**Task**. Without the images, write out the entries word for word.
=======
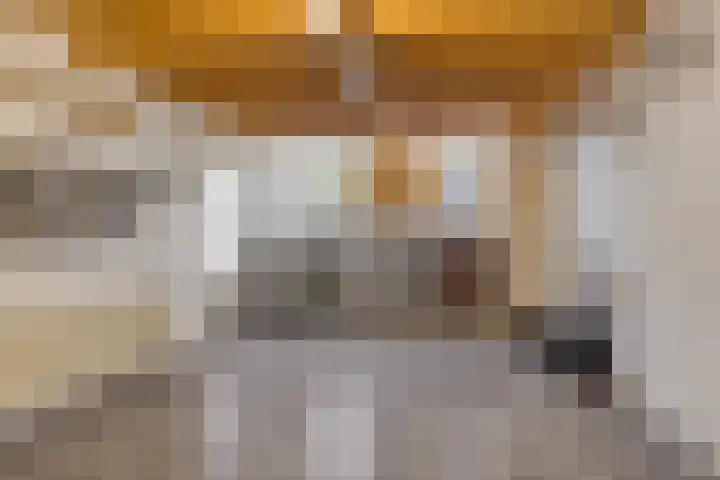 Rolderdingspillaan 1 a Rolde thumbnail 16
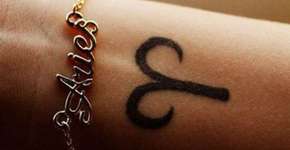 O Sol entrou em Áries e a internet não está sabendo lidar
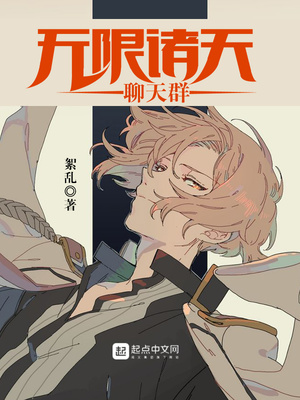 手机电影下载avi
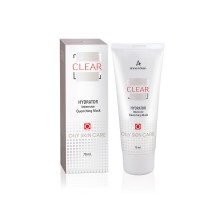 Anna Lotan Clear Hydrator Intensive Quenching Mask 70ml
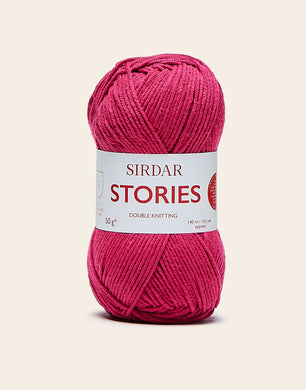 cotton acrylic yarn for knitting and crocheting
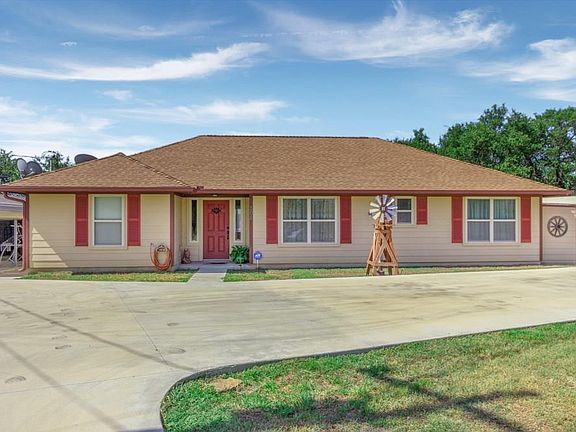 3rd image of 505 County Road 130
=======
**Reply to the exercise**.
 Rolderdingspillaan 1 a Rolde thumbnail 16
 O Sol entrou em Áries e a internet não está sabendo lidar
 手机电影下载avi
 Anna Lotan Clear Hydrator Intensive Quenching Mask 70ml
 cotton acrylic yarn for knitting and crocheting
 3rd image of 505 County Road 130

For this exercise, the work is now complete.